IRS Issues Form for Calculating GILTI
The IRS has released Form 8992, U.S. Shareholder Calculation of Global Intangible Low-Taxed Income (GILTI), to help taxpayers that are U.S. shareholders of a controlled foreign corporation (CFC) determine the amount of GILTI the shareholders must include in gross income. The 2017 Tax Cuts and Jobs Act (TCJA) added Section 951A to the Code, which requires a U.S. shareholder to include in GILTI its pro rata share of certain items of each CFC owned by such U.S. shareholder, such as tested income, tested loss and qualified business asset investment. A U.S. shareholder does not compute a separate GILTI inclusion amount with respect to each CFC for a tax year, but rather computes a single GILTI inclusion amount by reference to all its CFCs. A U.S. shareholder is a U.S. person that owns (directly, indirectly or constructively) 10 percent or more of the total combined voting power of all the classes of voting stock of a CFC or 10 percent or more of the total value of shares of all classes of stock of a CFC. GILTI is included in the U.S. shareholder’s gross income in a manner similar to inclusions of Subpart F income under the Code. (All Section references are to the Internal Revenue Code of 1986, as amended (Code).)
IRS Issues Form to Calculate Business Interest Deduction
The IRS has released the final version of Form 8890, Limitation on Business Interest Expense Under Section 163(j) to help taxpayers determine the amount of business interest that can be deducted and the amount that can be carried forward to the subsequent tax year.
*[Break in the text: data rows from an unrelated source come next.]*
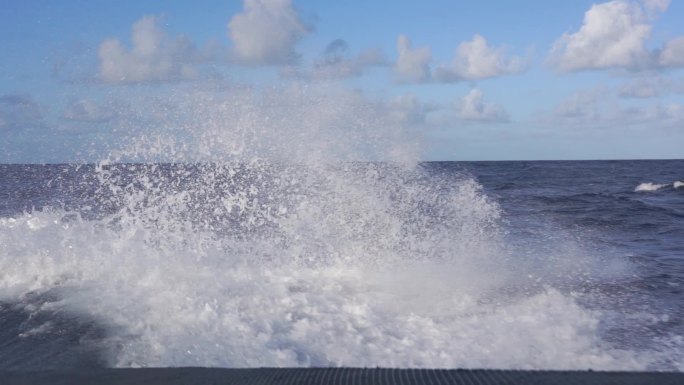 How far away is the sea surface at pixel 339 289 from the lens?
5316 mm

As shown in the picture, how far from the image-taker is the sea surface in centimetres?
532

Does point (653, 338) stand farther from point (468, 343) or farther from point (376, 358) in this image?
point (376, 358)

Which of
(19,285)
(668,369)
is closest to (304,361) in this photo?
(668,369)

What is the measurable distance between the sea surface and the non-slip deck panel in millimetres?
440

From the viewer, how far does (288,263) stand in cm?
898

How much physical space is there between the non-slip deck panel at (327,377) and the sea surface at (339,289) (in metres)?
0.44

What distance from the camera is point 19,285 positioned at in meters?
7.72

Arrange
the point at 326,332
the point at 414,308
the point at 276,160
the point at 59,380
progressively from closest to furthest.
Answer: the point at 59,380 → the point at 326,332 → the point at 414,308 → the point at 276,160

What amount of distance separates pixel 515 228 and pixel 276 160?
6043mm

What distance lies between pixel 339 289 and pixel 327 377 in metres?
3.20

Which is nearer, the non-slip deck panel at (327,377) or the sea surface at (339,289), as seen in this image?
the non-slip deck panel at (327,377)

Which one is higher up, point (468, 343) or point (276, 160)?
point (276, 160)

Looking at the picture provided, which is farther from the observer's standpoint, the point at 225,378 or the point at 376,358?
the point at 376,358

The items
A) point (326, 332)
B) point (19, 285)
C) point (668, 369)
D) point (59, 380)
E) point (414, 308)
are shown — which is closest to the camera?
point (59, 380) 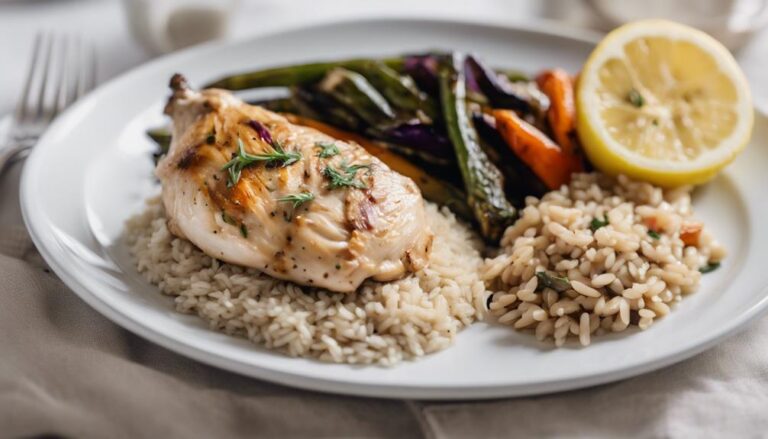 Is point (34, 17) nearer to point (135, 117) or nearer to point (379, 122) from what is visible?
point (135, 117)

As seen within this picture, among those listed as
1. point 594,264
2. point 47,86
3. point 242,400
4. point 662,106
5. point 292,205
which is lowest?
point 47,86

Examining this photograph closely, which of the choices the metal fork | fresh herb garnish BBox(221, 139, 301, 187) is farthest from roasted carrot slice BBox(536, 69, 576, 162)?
the metal fork

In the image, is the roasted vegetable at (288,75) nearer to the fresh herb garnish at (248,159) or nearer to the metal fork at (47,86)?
the metal fork at (47,86)

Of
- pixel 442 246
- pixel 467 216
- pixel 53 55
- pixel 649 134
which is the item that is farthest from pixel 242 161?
pixel 53 55

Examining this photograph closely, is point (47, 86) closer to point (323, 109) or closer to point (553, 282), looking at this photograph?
point (323, 109)

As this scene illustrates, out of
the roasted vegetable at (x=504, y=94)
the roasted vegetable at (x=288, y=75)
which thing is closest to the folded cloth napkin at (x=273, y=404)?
the roasted vegetable at (x=504, y=94)

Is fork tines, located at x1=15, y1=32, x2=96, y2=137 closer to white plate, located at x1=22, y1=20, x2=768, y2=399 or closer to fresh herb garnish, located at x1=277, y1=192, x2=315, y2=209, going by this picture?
white plate, located at x1=22, y1=20, x2=768, y2=399

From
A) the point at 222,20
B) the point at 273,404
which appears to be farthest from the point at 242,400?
the point at 222,20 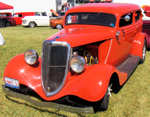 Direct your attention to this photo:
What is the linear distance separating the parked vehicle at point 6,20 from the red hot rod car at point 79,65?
631 inches

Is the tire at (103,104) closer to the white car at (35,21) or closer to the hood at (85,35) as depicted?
the hood at (85,35)

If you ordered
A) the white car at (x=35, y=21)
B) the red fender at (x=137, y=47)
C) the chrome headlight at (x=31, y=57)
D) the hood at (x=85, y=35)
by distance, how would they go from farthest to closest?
the white car at (x=35, y=21)
the red fender at (x=137, y=47)
the chrome headlight at (x=31, y=57)
the hood at (x=85, y=35)

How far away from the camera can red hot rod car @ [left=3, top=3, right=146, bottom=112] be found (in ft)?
10.9

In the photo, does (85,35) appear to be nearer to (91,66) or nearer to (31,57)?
(91,66)

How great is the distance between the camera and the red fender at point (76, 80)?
317 centimetres

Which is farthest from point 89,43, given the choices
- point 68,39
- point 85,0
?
point 85,0

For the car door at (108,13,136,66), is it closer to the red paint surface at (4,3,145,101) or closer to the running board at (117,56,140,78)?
the red paint surface at (4,3,145,101)

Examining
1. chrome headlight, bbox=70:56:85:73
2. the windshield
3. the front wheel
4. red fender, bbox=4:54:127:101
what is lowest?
the front wheel

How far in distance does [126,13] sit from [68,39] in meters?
2.27

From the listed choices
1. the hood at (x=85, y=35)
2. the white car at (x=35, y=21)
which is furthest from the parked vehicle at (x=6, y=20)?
the hood at (x=85, y=35)

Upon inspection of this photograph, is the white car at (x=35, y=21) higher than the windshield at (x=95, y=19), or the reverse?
the windshield at (x=95, y=19)

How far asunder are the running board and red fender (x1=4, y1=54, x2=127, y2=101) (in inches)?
25.9

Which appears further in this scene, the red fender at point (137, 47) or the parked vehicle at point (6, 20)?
the parked vehicle at point (6, 20)

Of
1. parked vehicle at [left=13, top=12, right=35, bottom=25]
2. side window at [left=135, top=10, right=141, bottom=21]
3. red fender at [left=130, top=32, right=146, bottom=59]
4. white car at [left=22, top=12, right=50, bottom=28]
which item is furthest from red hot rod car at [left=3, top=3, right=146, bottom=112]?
parked vehicle at [left=13, top=12, right=35, bottom=25]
The TCJA added Section 163(j), which limits the deduction of business interest expense for taxable years beginning after Dec. 31, 2017. “Business interest” means any interest, other than investment interest, paid or accrued on indebtedness properly allocable to a trade or business.
For any taxpayer to which Section 163(j) applies, Section 163(j)(1) limits the annual deduction for business interest expense to the sum of (1) the taxpayer’s business interest income (as defined in Section 163(j)(6)) for the taxable year, (2) 30 percent of the taxpayer’s adjusted taxable income (as defined in Section 163(j)(8)) for the taxable year and (3) the taxpayer’s floor plan financing interest (certain interest paid by vehicle dealers, defined in Section 163(j)(9)) for the taxable year.
Pennsylvania Guidance Excludes Certain Hedging Transactions From Corporate Net Income Tax
The Pennsylvania Department of Revenue released Corporation Tax Bulletin No. 2019-01, which provides guidance regarding receipts from certain hedging transactions that are excluded from the numerator and denominator of a corporation’s sales factor for purposes of Pennsylvania’s corporate net income tax (CNI). Generally, corporations are subject to CNI for the privilege of doing business in the state. The starting point for calculating a corporation’s CNI is federal taxable income before the net operating loss deduction and certain other special deductions. In determining the corporation’s CNI, all business income is apportioned to Pennsylvania by multiplying such business income by the sales factor. Business income includes gains and losses from the disposition of assets in the regular course of a corporation’s trade or business. The guidance provides that for tax years starting after Dec. 31, 2018, the following receipts are excluded from the numerator and denominator of the sales factor: (1) gross receipts related to gain or loss from a transaction identified as a hedge under Section 1221(b)(2)(A) or Section 475(c)(3); (2) receipts attributed to accrued interest income or expense, gain or loss on a debt instrument, a payable, a receivable, or a forward contract payable in a foreign currency for foreign currency gain or loss that is computed under Section 988; and (3) gross receipts related to Section 986(c)(1) foreign exchange gain or loss on distributions of previously taxed income.
Pennsylvania Guidance Clarifies When Taxpayers Are Subject to Sales and Use Tax
The Pennsylvania Department of Revenue released Sales and Use Tax Bulletin 2019-01, which provides guidance to taxpayers for when marketplace and remote sellers, marketplace facilitators and certain other vendors maintain a place of business in Pennsylvania or otherwise have sufficient nexus with the Commonwealth that would cause such taxpayers to be subject to its sales and use tax requirements. In response to the Supreme Court’s decision in South Dakota v. Wayfair (see our prior coverage here) that a physical presence was not required by the Constitution for a taxpayer to be subject to sales and use tax in a given state, the guidance provides standards for an economic nexus (i.e., generally taxpayers who made more than $100,000 of gross sales within Pennsylvania) to the Commonwealth that would require a taxpayer to collect and remit its sales tax. The bulletin also provides guidance on coordination with Pennsylvania’s Marketplace Sales Act, or Act 43, which requires certain vendors who have neither a physical presence nexus nor an economic nexus in Pennsylvania to elect to collect and remit Pennsylvania sales tax or elect not to collect and remit sales tax, but to otherwise comply with the notice and reporting requirements of the Act.